Your assignment
Please repeat the lines below, exactly and only, from the one that holds "500 Questões Comentadas" through the one that holds "seating chart for".

[Dataset items]
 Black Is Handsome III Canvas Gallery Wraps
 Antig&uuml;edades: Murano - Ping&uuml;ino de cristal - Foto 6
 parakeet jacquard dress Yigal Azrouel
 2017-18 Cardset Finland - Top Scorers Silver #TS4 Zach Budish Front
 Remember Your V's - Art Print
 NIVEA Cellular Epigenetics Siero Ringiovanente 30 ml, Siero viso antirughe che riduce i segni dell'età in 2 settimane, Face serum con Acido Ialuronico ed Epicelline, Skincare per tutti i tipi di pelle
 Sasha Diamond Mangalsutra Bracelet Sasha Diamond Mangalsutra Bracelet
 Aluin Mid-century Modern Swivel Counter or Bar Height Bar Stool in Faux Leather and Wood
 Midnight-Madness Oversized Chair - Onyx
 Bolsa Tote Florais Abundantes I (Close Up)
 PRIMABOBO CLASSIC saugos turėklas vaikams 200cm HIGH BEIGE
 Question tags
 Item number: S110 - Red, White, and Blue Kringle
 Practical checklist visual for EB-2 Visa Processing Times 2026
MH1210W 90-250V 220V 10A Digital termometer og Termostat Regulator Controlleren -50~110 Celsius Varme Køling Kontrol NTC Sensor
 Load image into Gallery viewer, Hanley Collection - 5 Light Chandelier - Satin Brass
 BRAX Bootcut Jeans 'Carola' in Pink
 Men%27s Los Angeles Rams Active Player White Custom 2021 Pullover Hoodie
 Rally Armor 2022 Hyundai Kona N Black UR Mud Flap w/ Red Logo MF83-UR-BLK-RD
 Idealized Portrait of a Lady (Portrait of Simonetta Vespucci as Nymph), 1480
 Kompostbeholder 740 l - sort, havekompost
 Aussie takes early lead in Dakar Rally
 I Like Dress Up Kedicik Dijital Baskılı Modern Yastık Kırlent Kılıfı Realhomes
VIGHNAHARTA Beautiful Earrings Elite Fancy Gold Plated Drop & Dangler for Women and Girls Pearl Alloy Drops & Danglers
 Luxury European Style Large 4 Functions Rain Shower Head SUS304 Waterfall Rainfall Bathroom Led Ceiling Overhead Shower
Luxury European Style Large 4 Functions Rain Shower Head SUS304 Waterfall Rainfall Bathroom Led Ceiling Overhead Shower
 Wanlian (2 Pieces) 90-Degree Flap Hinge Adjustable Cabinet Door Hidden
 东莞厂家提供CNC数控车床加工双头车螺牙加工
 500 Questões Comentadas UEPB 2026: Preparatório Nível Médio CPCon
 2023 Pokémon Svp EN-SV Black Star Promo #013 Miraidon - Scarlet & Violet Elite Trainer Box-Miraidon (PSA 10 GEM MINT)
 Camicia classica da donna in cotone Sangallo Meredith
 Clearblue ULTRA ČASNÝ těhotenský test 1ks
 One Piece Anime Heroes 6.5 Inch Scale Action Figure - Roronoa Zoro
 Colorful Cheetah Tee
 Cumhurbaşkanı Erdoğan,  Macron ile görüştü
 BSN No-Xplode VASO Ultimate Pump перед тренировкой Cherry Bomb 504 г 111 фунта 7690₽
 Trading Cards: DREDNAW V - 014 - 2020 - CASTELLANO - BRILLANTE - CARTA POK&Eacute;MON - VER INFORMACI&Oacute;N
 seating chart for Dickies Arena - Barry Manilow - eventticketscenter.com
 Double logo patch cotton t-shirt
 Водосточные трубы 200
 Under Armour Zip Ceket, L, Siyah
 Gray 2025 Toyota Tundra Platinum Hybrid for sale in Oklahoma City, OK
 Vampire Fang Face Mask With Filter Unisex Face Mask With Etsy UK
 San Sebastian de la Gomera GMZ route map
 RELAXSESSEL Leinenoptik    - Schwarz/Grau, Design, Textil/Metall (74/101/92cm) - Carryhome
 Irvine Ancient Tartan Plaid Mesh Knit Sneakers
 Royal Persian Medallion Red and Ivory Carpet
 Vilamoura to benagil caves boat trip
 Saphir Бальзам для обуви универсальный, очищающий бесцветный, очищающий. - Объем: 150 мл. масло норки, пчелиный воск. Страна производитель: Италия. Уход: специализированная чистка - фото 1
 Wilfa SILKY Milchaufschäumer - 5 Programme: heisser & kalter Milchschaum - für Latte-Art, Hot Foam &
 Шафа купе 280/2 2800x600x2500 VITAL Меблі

Result for this exercise
 500 Questões Comentadas UEPB 2026: Preparatório Nível Médio CPCon
 2023 Pokémon Svp EN-SV Black Star Promo #013 Miraidon - Scarlet & Violet Elite Trainer Box-Miraidon (PSA 10 GEM MINT)
 Camicia classica da donna in cotone Sangallo Meredith
 Clearblue ULTRA ČASNÝ těhotenský test 1ks
 One Piece Anime Heroes 6.5 Inch Scale Action Figure - Roronoa Zoro
 Colorful Cheetah Tee
 Cumhurbaşkanı Erdoğan,  Macron ile görüştü
 BSN No-Xplode VASO Ultimate Pump перед тренировкой Cherry Bomb 504 г 111 фунта 7690₽
 Trading Cards: DREDNAW V - 014 - 2020 - CASTELLANO - BRILLANTE - CARTA POK&Eacute;MON - VER INFORMACI&Oacute;N
 seating chart for Dickies Arena - Barry Manilow - eventticketscenter.com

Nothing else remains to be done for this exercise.